**WHAT YOU HAVE TO DO**
Output, exactly as written, the lines below from the one that has "Празднование Пасхи в" through the one that has "Ciutat de Barcelona Hotel - photo 3"; nothing else, and no pictures.

**DATA FOR PROCESSING**
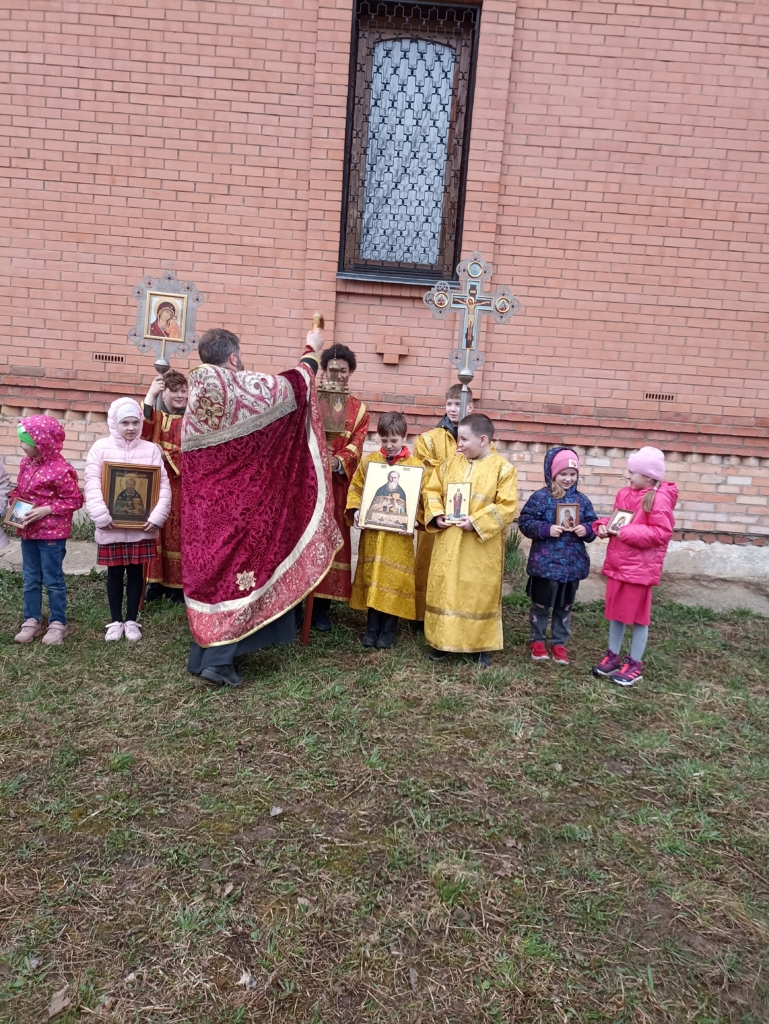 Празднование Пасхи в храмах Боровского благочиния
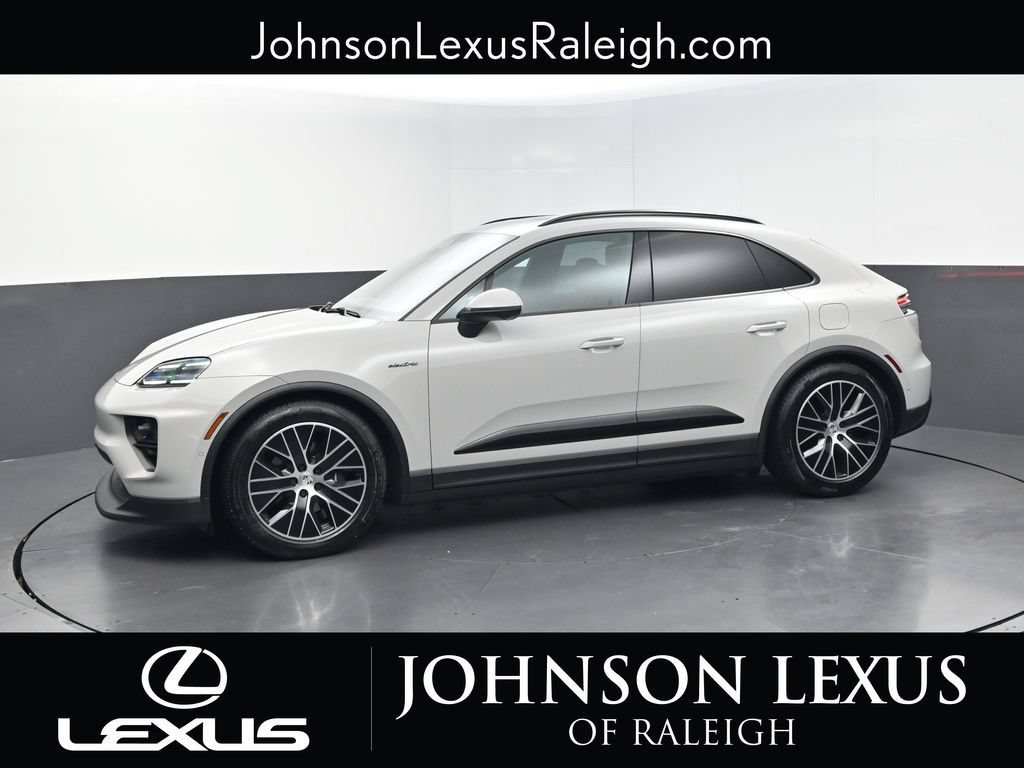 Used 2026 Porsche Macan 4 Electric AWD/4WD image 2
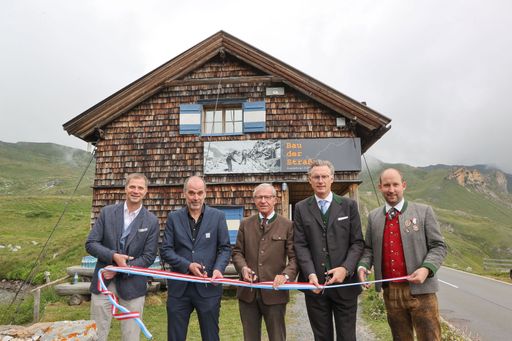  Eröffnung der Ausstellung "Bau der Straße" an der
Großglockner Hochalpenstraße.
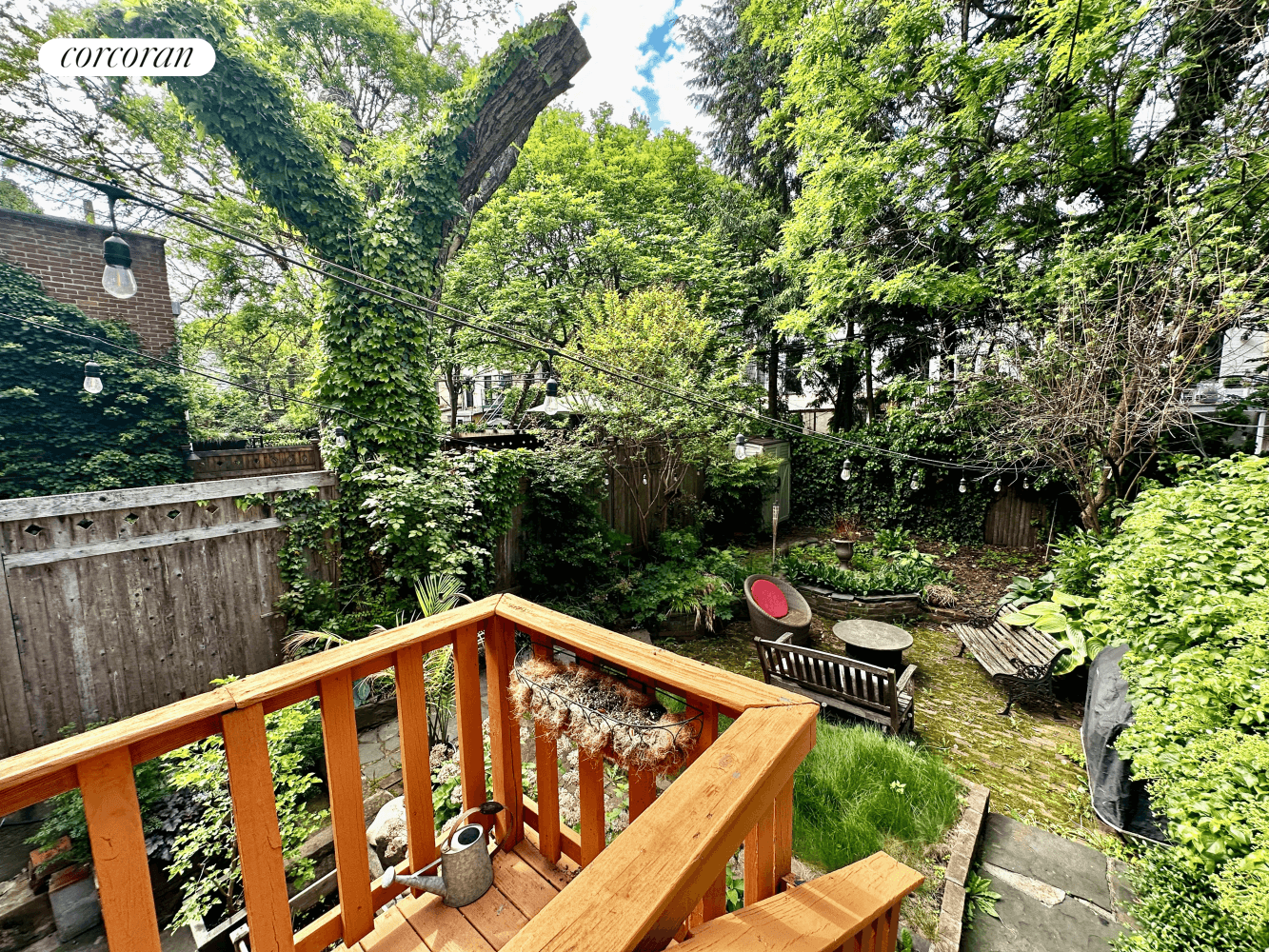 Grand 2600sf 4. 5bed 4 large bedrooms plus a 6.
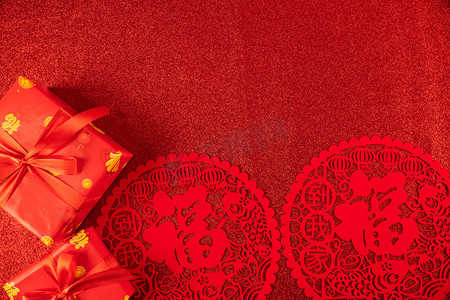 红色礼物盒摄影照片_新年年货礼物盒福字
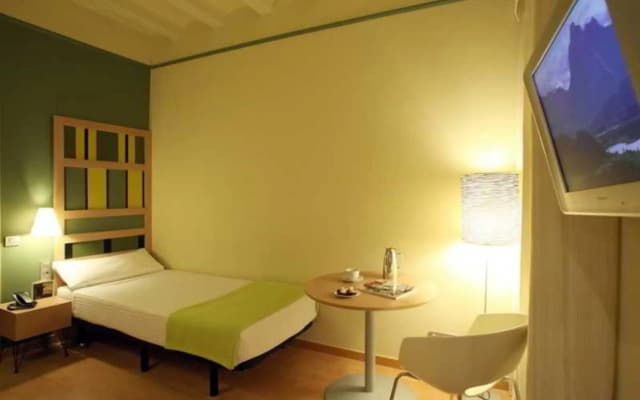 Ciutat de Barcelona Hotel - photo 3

...

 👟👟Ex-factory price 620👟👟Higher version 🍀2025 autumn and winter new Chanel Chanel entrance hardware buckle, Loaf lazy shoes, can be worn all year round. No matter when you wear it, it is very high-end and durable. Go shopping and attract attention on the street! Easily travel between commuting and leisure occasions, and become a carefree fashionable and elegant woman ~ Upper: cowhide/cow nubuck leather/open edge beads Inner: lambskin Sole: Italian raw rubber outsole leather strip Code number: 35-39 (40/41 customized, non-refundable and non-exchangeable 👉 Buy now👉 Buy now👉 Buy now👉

**RESPONSE TO THE TASK**
 Празднование Пасхи в храмах Боровского благочиния
 Used 2026 Porsche Macan 4 Electric AWD/4WD image 2
  Eröffnung der Ausstellung "Bau der Straße" an der
Großglockner Hochalpenstraße.
 Grand 2600sf 4. 5bed 4 large bedrooms plus a 6.
 红色礼物盒摄影照片_新年年货礼物盒福字
 Ciutat de Barcelona Hotel - photo 3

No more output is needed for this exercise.